About this task » The line containing "bleuberry, the unicorn" marks the start. Restate it and every following line through the end of the records exactly, and nothing else, leaving out the pictures.

Extracted records
- - -
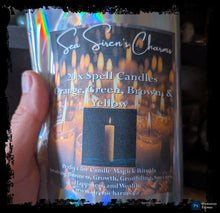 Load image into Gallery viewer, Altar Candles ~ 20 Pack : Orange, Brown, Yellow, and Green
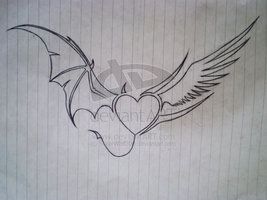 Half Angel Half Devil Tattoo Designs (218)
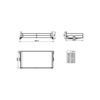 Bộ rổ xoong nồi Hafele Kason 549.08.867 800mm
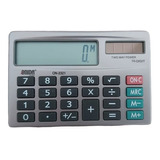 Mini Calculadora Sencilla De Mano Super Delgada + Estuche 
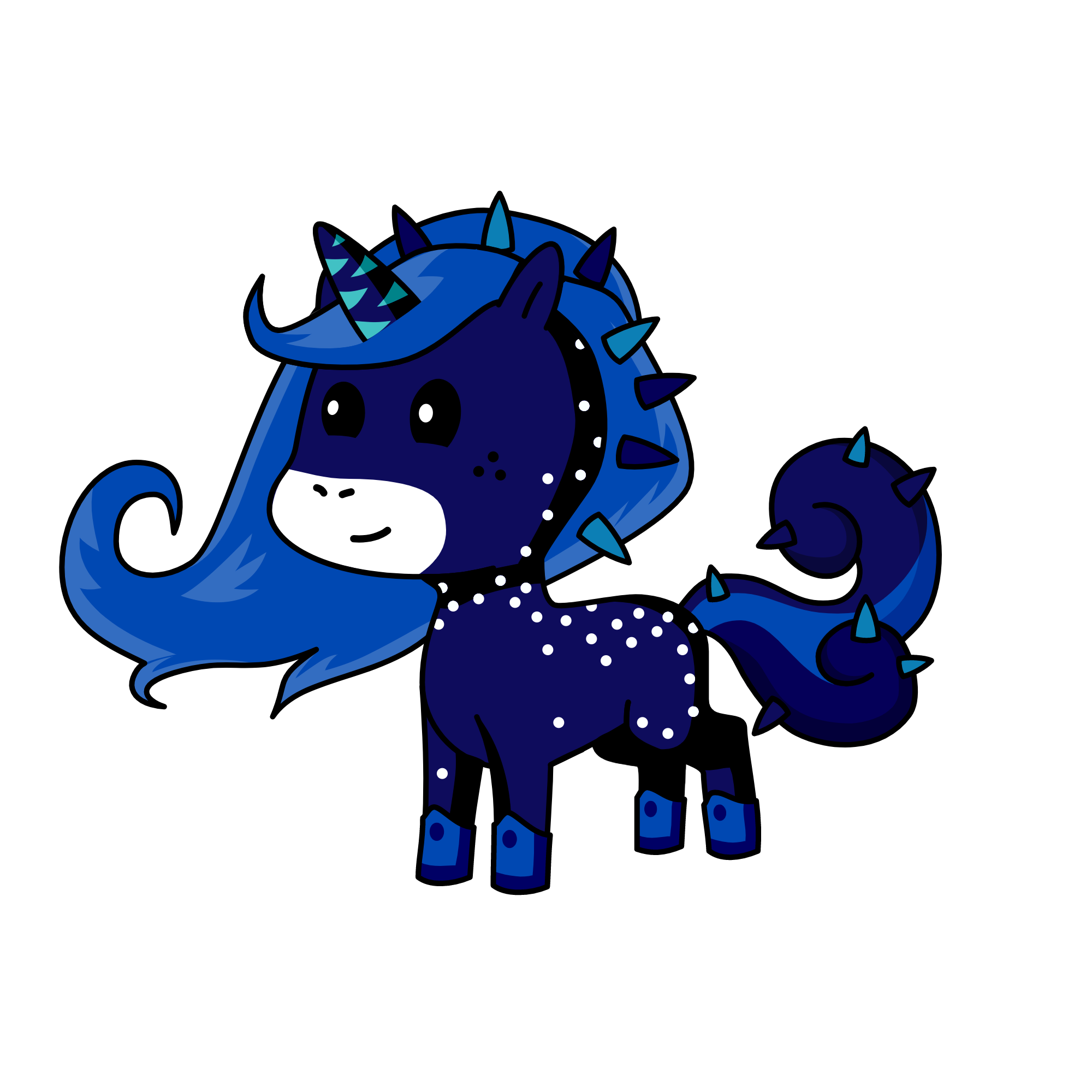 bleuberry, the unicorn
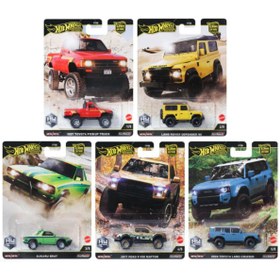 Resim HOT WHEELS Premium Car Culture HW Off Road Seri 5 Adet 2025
- - -
Completed task »
 bleuberry, the unicorn
 Resim HOT WHEELS Premium Car Culture HW Off Road Seri 5 Adet 2025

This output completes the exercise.